━━━ Input data

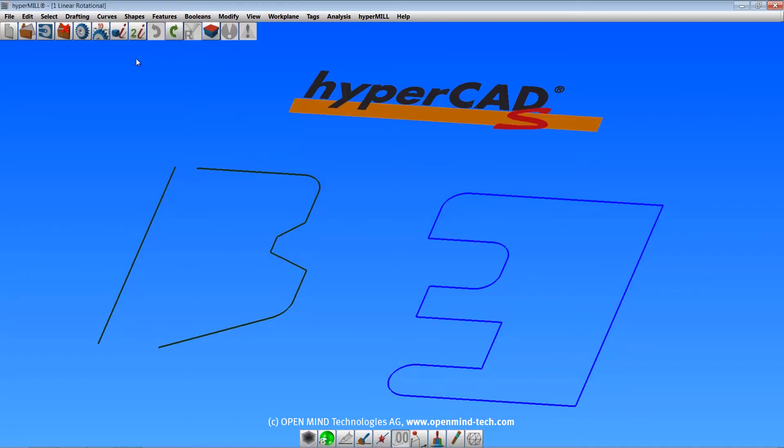Welcome to HyperCAD S. This video will describe the creation of solids using the commands in the shapes, features, and booleans menus.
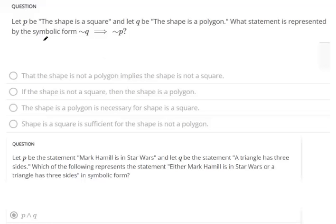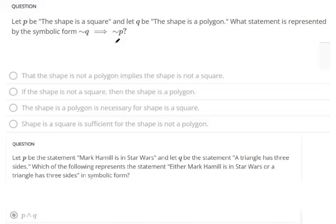We have a few questions here. We let p be shorthand notation for 'the shape is a square.' If you put the negation symbol in front of p, it means 'the shape is not a square.' Then q is shorthand notation for 'the shape is a polygon,' and the negation symbol in front of q means 'the shape is not a polygon.'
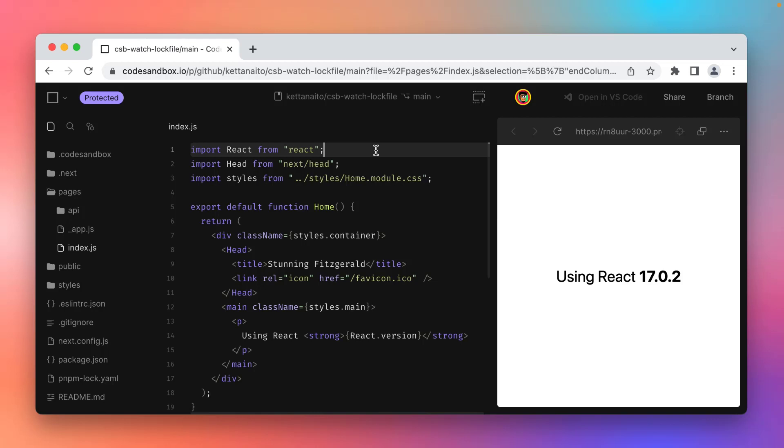Here I have a Next.js app that displays which version of React it uses, so on this branch it's React version 17.0.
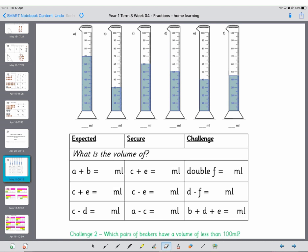Okay welcome back Year One. Our first one is 70 mils. Beaker B contains 30 mils. Beaker C contains 60 mils. Beaker D contains 50 mils. Beaker E 40 mils and Beaker F which is the most challenging is halfway between 40 and 50 so it's 45 mils. If you haven't got those readings make sure you change them now.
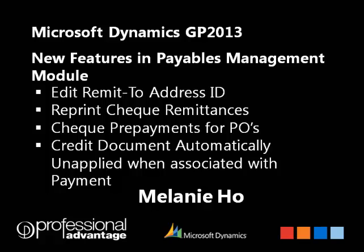Hi, my name is Melanie Ho and I'm a consultant from Professional Advantage. Today I am going to show you within Microsoft Dynamics GP2013 some of the new features in the Payables Management module.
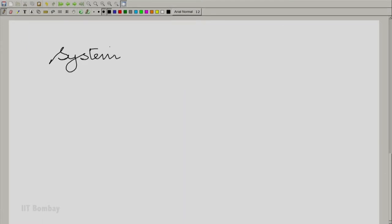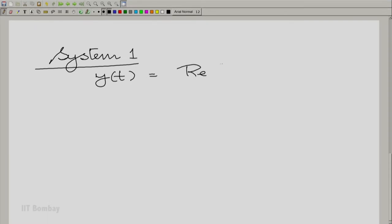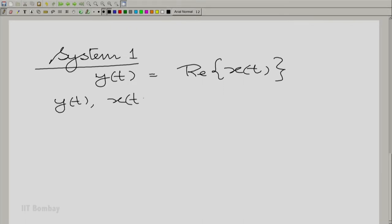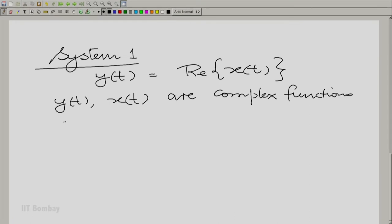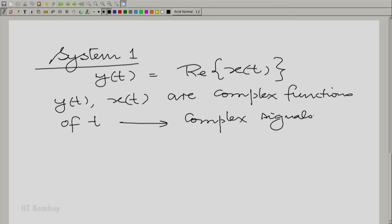Let me put down System 1, where I describe the input-output relationship by y(t) = Re{x(t)}, the real part of x(t). Remember, y(t) and x(t) are both complex functions of t. I must emphasize this — they are complex signals, not necessarily real.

━━━━━━

> Exercise objective: What you write must match the listing exactly, from the line with "Here I have" up to and including the line with "Hi, my name". Pictures stay out.

> Response to the exercise:
Here I have a Next.js app that displays which version of React it uses, so on this branch it's React version 17.0.
Okay welcome back Year One. Our first one is 70 mils. Beaker B contains 30 mils. Beaker C contains 60 mils. Beaker D contains 50 mils. Beaker E 40 mils and Beaker F which is the most challenging is halfway between 40 and 50 so it's 45 mils. If you haven't got those readings make sure you change them now.
Hi, my name is Melanie Ho and I'm a consultant from Professional Advantage. Today I am going to show you within Microsoft Dynamics GP2013 some of the new features in the Payables Management module.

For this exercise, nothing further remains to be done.